| ACTION ITEM |
Word for word, write out the entries that follow, omitting all pictures.

-=-=-

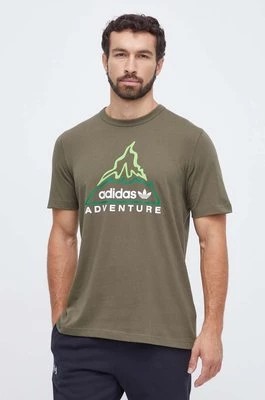 Zdjęcie produktu adidas Originals t-shirt bawełniany męski kolor brązowy z nadrukiem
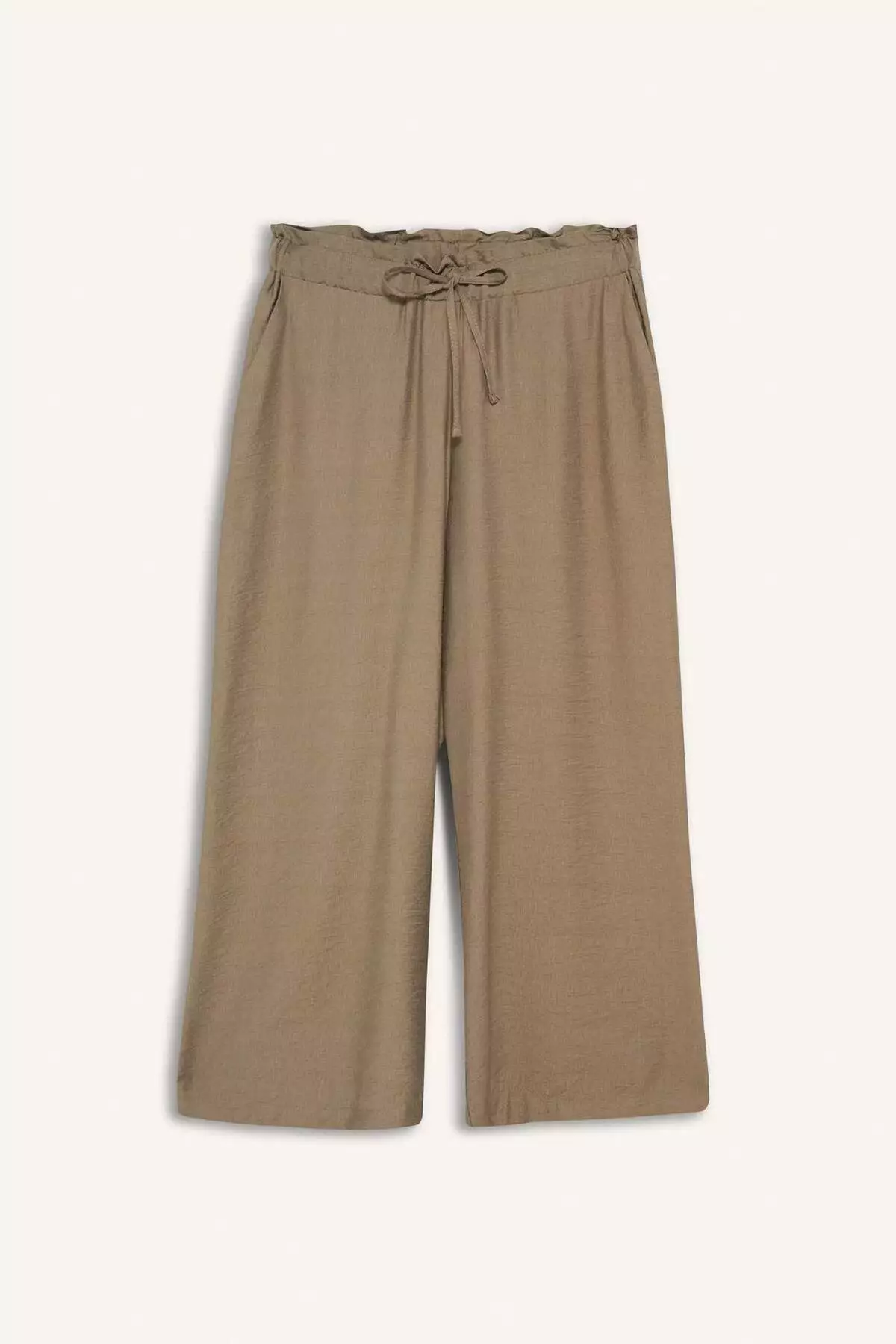 Flat Leg Capri with Elastic Waist and Pockets A6764Ax25Sm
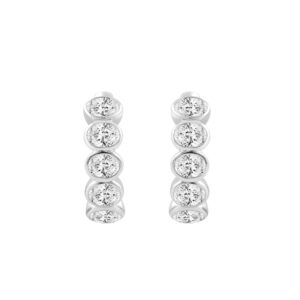14K WHITE GOLD 1 1/2CT OVAL DIAMOND HOOP EARRINGS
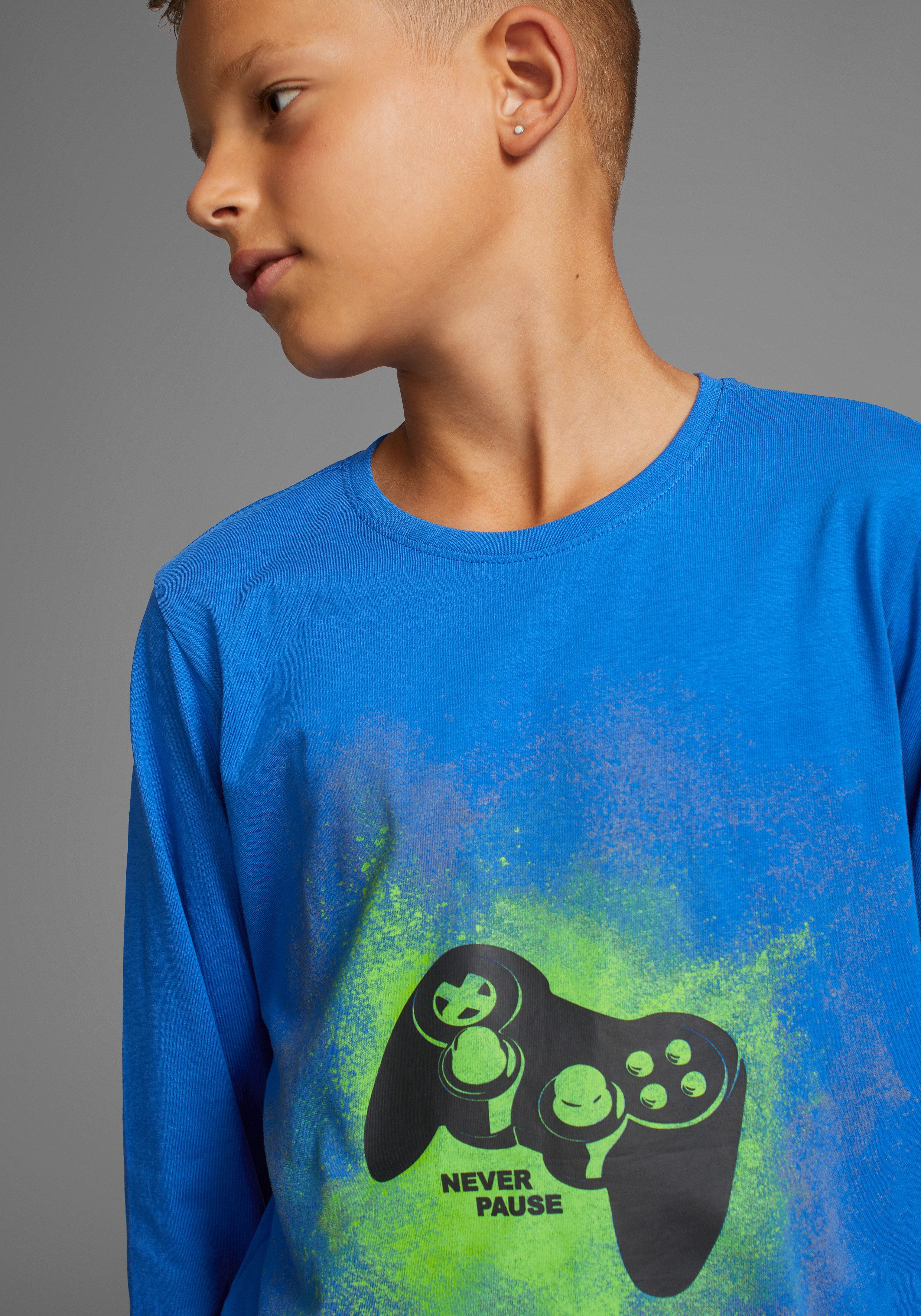 KIDSWORLD Shirt met lange mouwen Gamer Langarm, basic pasvorm, met trendy opdruk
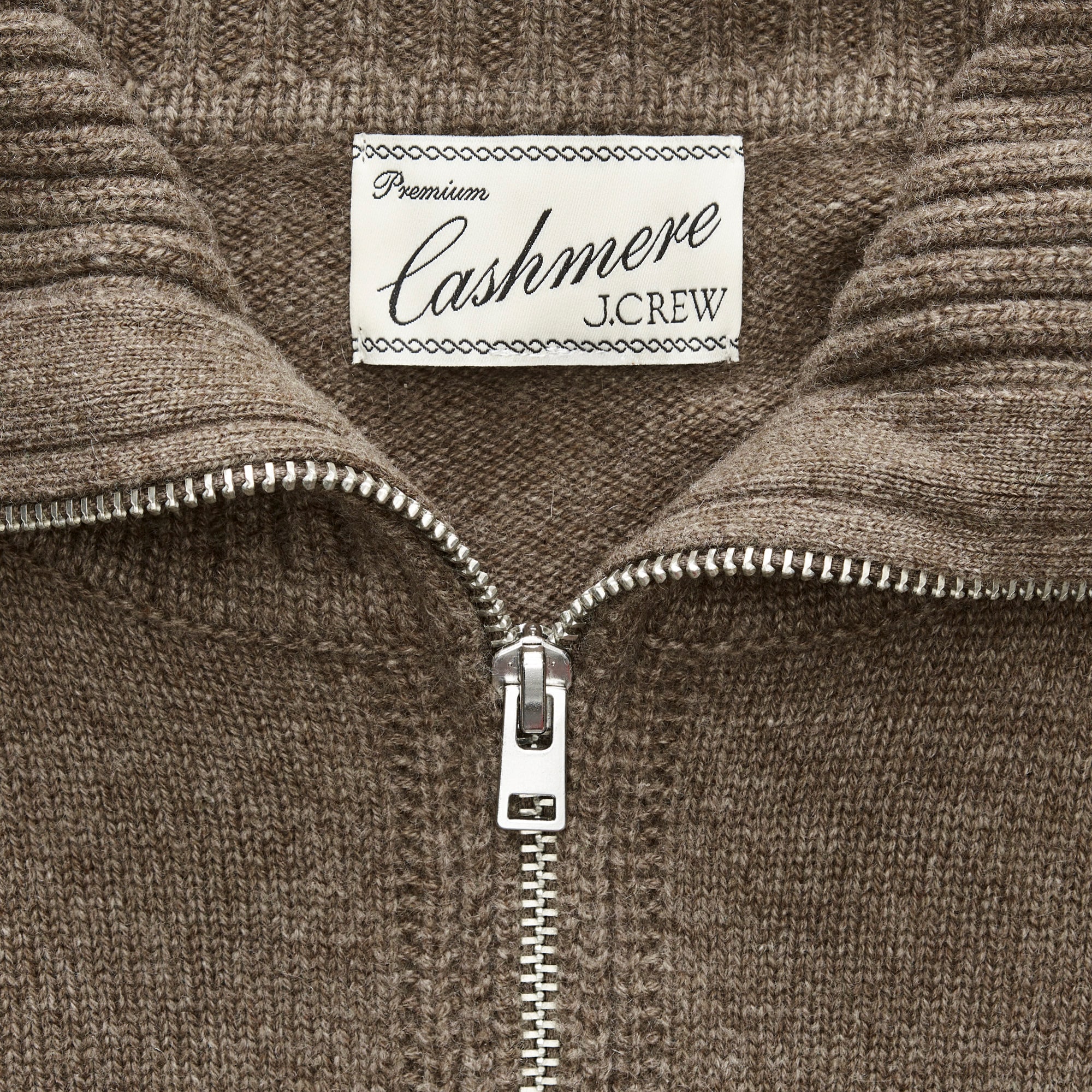 Cashmere quarter-zip sweater in placed stripe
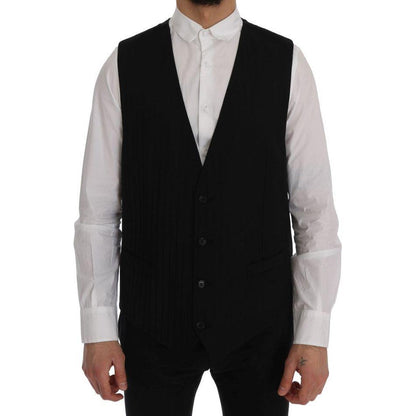 Dolce & Gabbana Black STAFF Wool Stretch Vest Dolce & Gabbana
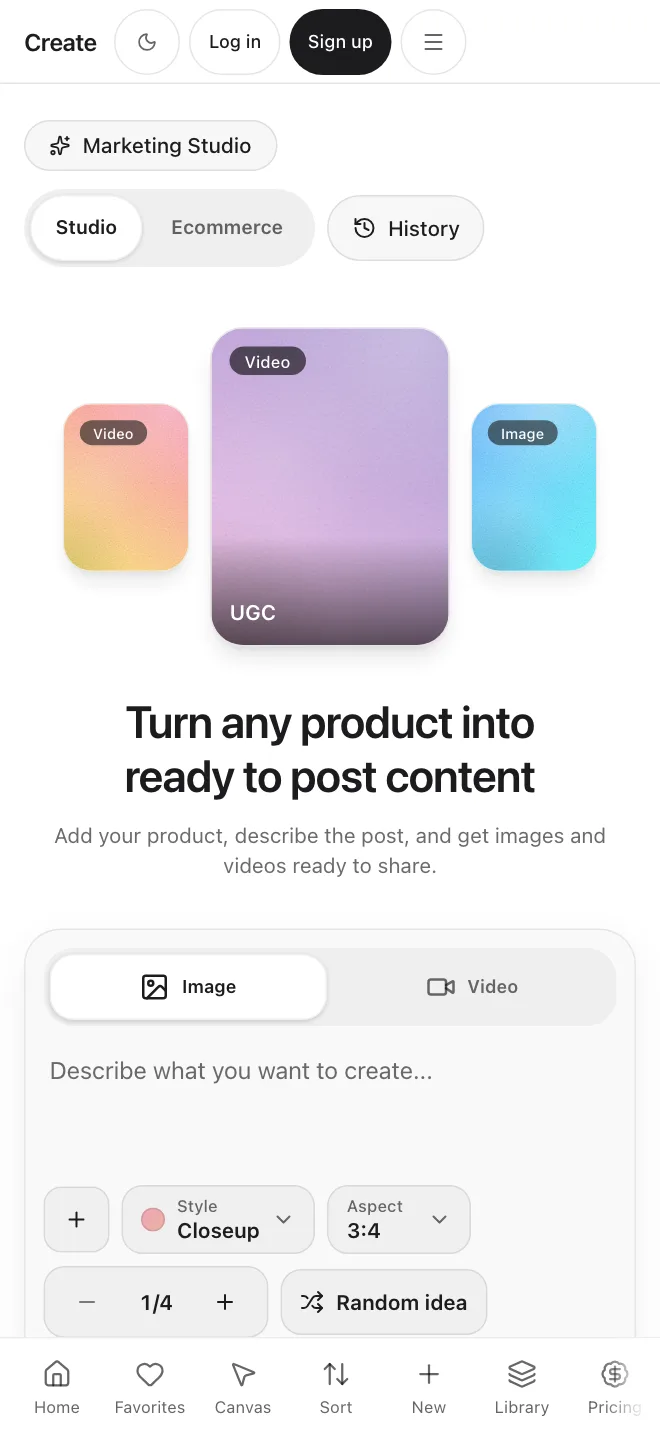 Create app screen: Marketing Studio with image and video tabs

-=-=-

| ANSWER TO THE EXERCISE |
 Zdjęcie produktu adidas Originals t-shirt bawełniany męski kolor brązowy z nadrukiem
 Flat Leg Capri with Elastic Waist and Pockets A6764Ax25Sm
14K WHITE GOLD 1 1/2CT OVAL DIAMOND HOOP EARRINGS
 KIDSWORLD Shirt met lange mouwen Gamer Langarm, basic pasvorm, met trendy opdruk
 Cashmere quarter-zip sweater in placed stripe
 Dolce & Gabbana Black STAFF Wool Stretch Vest Dolce & Gabbana
 Create app screen: Marketing Studio with image and video tabs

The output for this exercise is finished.